Sir Charles Scott Sherrington (1857-1952), one of the greatest neurologists in the history of the specialty, also immersed himself in medicine and the humanities. He was one of the first to use diphtheria antiserum on a human. He mapped the motor cortex of an ape as well as human dermatomes. He received honorary doctorates from twenty-two universities and shared the 1932 Nobel Prize with Edgar Adrian for characterizing the reflex as possessing reciprocal innervation in the muscles. But Sherrington was more than just a clinician-scientist. He published a collection of his poems, served as a trustee of the British Museum, and published a book, Man on His Nature, where he reflected on human consciousness in both a philosophical and scientific manner. He studied art, collected old books and manuscripts, and wrote history, poetry and philosophy.

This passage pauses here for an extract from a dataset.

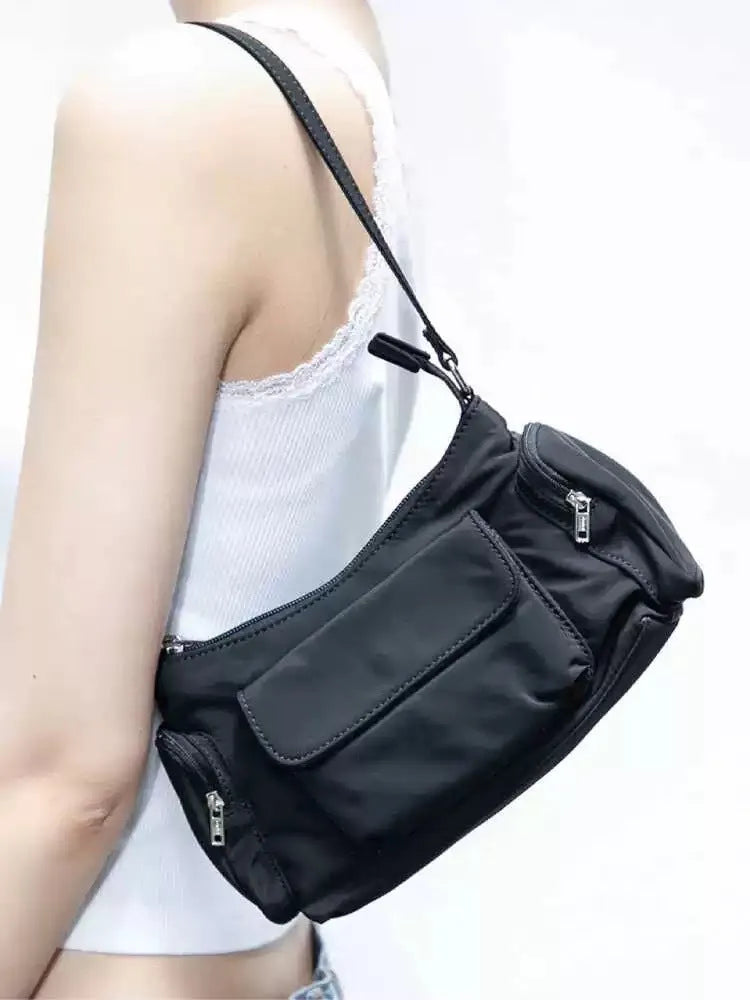Black nylon unisex shoulder bag with double pockets and side line detail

Of course, one would be remiss if one didn’t mention accomplished physicians in our own time who make the humanities a significant part of what they do: Dr. Siddartha Mukherjee, a hematologist-oncologist, wrote a history of the gene (The Gene) and a history of cancer (The Emperor of All Maladies). Dr. Atul Gawande, one of the most famous surgeons in the world, writes books and essays about checklists, mortality and the history of surgery. And Dr. Abraham Verghese wrote one of medicine’s most celebrated novels, Cutting for Stone and received the National Humanities Medal from President Obama.

IV.

President Thomas Jefferson wrote a letter to Edward Jenner in 1806, praising Jenner for developing the smallpox vaccine. Jefferson concluded: “Medicine has never before produced any single improvement of such utility” and “future nations will know by history only that the loathsome small pox has existed and by you has been extirpated.” Indeed, as the development of the vaccine demonstrates, physician-scientists have used science and technology to do a tremendous amount of good for humanity. They pulled millions of human beings from death’s doors and the misery of illness, disease, and pain. Nevertheless, medical science cannot do everything. It cannot go beyond explaining the way human biology works or how we can alter disease pathology. It cannot point out the moral failings of its own experiments. It is morally neutral. For guidance on these questions, medical science, as the ancient Greeks understood, needs help from the humanities, from the study of history, literature, and philosophy, the three great pillars of the humanistic tradition.

And yet, we shouldn’t make too large of a claim for the humanities either. Though we’ve examined literature’s ability to enhance empathy, this is not universally true for everyone who reads it. And though we’ve covered examples of great physicians who had and have a deep interest in the humanities, there isn’t necessarily causation there. Indeed, it would be hubris and an instance of overreach to say that studying the humanities will make one a great physician or will necessarily make one moral.

But the humanities do light the way for us. They prompt difficult questions about ethics, human relationships, life, and purpose. They give us pause when an aspect of a study is unethical; they illuminate the historical background of our profession and the decisions we make. They also put human beings in context–stories from literature and history provide us with an understanding of the wide variety of human experiences. In sum, the humanities offer guidance for practicing the art of medicine and a sense of the limits of medical science. They substitute the complexity of human beings for the simplicity of a data point. This is more than enough reason to encourage our aspiring doctors to study them.